(Recorded information)

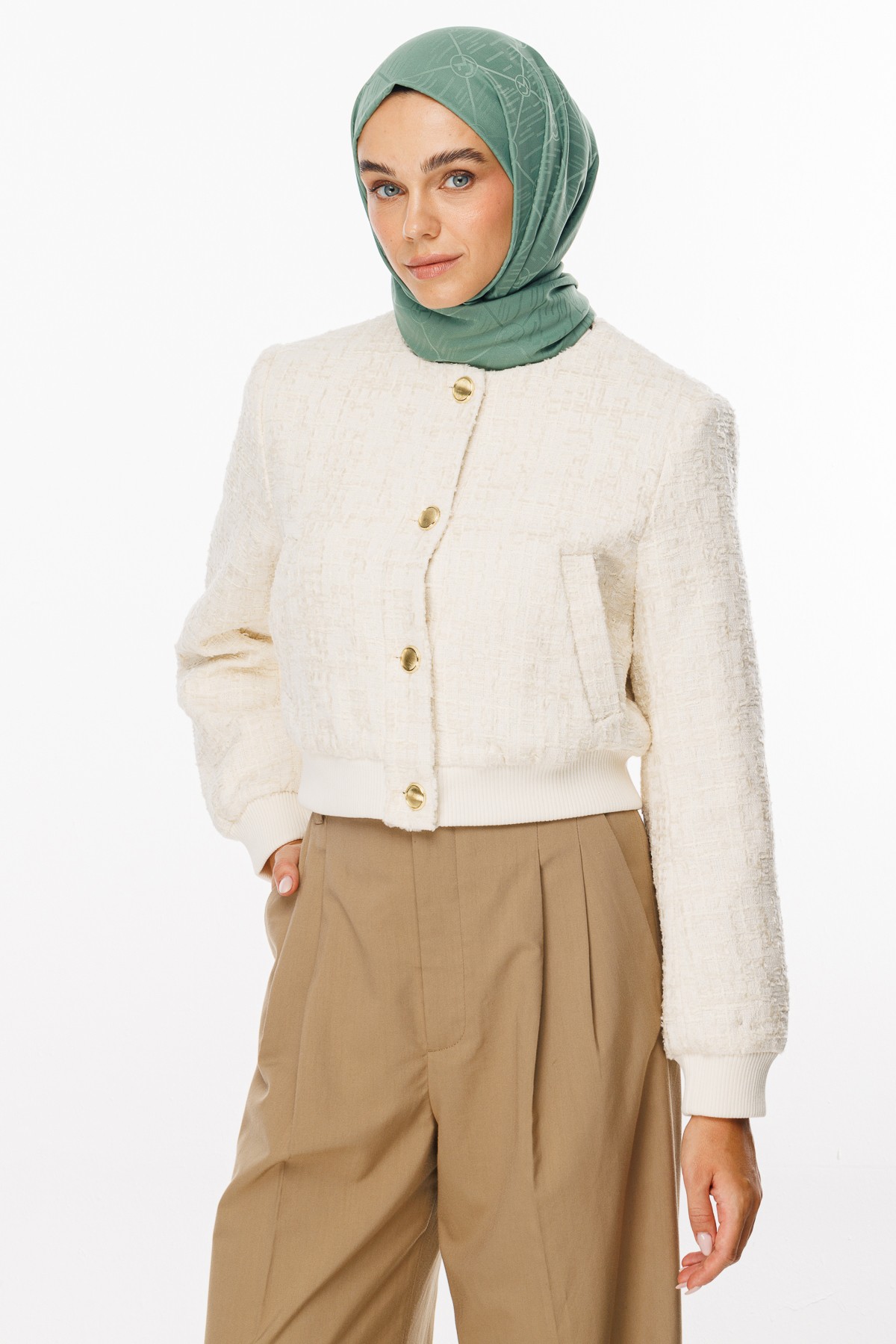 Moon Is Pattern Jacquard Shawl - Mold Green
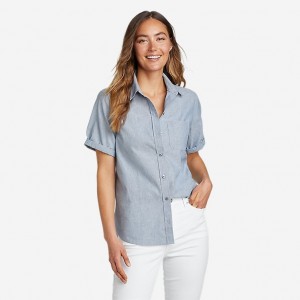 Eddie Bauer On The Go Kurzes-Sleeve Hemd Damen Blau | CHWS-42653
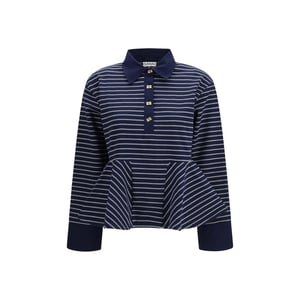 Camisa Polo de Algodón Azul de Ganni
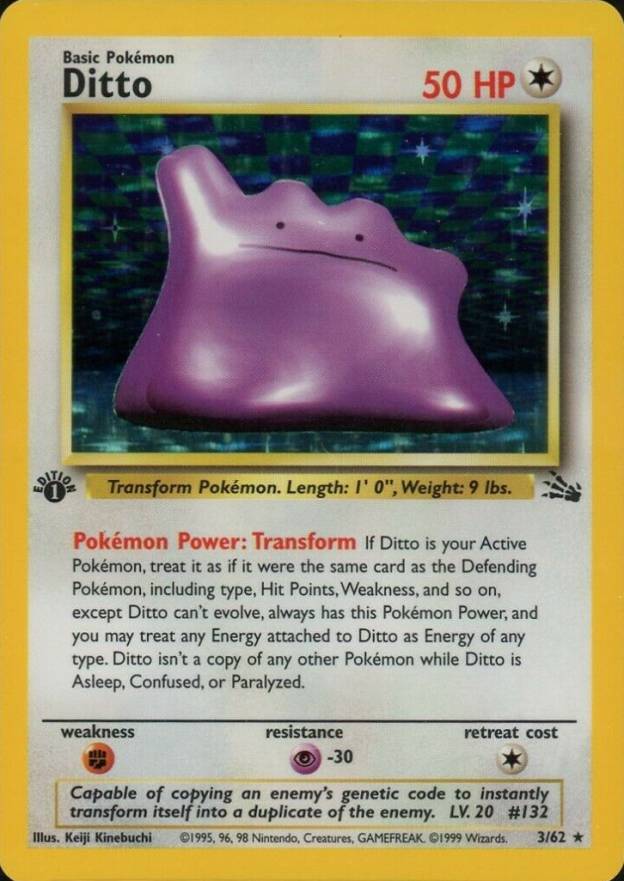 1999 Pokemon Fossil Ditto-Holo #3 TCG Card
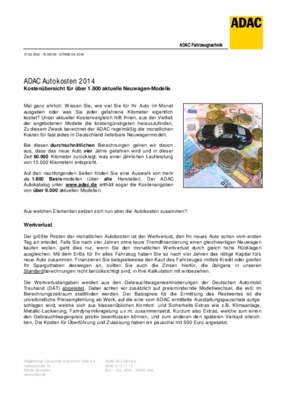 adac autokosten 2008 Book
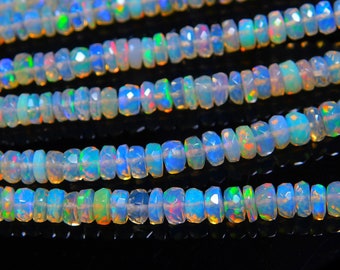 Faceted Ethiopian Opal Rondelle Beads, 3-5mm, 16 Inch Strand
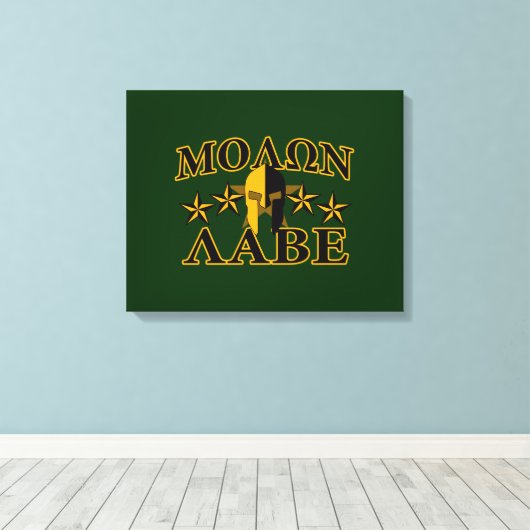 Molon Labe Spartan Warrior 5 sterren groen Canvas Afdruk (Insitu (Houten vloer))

(End Recorded information)

• _Exercise objective_
The data above should be set down again exactly, with the pictures omitted.

• _Task answer_
 Moon Is Pattern Jacquard Shawl - Mold Green
 Eddie Bauer On The Go Kurzes-Sleeve Hemd Damen Blau | CHWS-42653
 Camisa Polo de Algodón Azul de Ganni
 1999 Pokemon Fossil Ditto-Holo #3 TCG Card
 adac autokosten 2008 Book
 Faceted Ethiopian Opal Rondelle Beads, 3-5mm, 16 Inch Strand
 Molon Labe Spartan Warrior 5 sterren groen Canvas Afdruk (Insitu (Houten vloer))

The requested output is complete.